I’m putting my money on the Post getting it right here, if only because it seems unlikely that one-third of revenues from a single 1,225-space parking lot could generate $20 million in present value. (Each space would have to bring in an average of about $12 a day on non-game days to produce this kind of cash … maybe “optimistic” is a better term than “unlikely.”)

In any case, whether this is common practice or not, it’s hardly a new source of stadium revenue, since D.C. could have just fronted the money itself for the parking lot and paid itself back with future revenues. (Yet another example of why stadium deals need to be evaluated based on total costs and benefits in the lease, not just up-front costs.) Stadium critics on the council were quick to jump on this point, with David Catania calling the MLB offer “outrageous … [MLB] offers to help with $20 million, but they’ll get that back and then some over time,” while Jim Graham called the offer “totally illusory. It doesn’t deceive any thinking person.”
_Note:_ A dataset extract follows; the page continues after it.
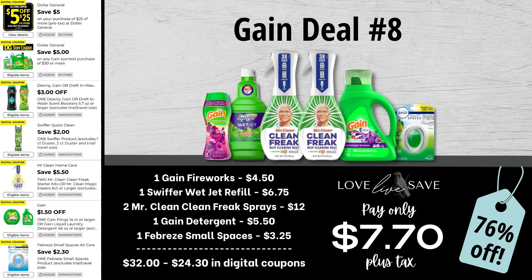For Gain deal number eight, grab one Gain Fireworks, one bottle of Swiffer WetJet Refill with Gain, two bottles of Mr. Clean Clean Freak Sprays, one bottle of Gain Laundry Detergent, and one Febreze Small Spaces single-count pack. After all coupons, our total out of pocket comes to just $7.70 plus tax.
5 comments on “D.C.: Pay no attention to that $700m behind the curtain

  1. Actually, if the parking lot is going to be right next to the Metro station, $12/day sounds just about right.

  2. *Especially* weekends.

    It’s seriously expensive to park in downtown D.C. Right now, there’d be no reason to park around the stadium, but given the development that seems to already be occuring down there, people will be looking for parking to go out.

  3. $12/day sounds pretty cheap to me, and pretty realistic too, depending on how close to the downtown area this garage will be. Here in Boston nobody blinks at having to pay upwards of $25/day to park, and during Sox games the lots aruond Fenway annoy the mayor by gouging you for $50.

  4. What I was questioning was whether the spots would average $12 a day in revenue – that means if they charge $12, all the spots would have to be full seven days a week, which seemed unlikely for a neighborhood that, at first at least, would mostly just have a stadium. I hadn’t considered the park-and-ride aspects, though, which I guess in D.C. could be a big issue.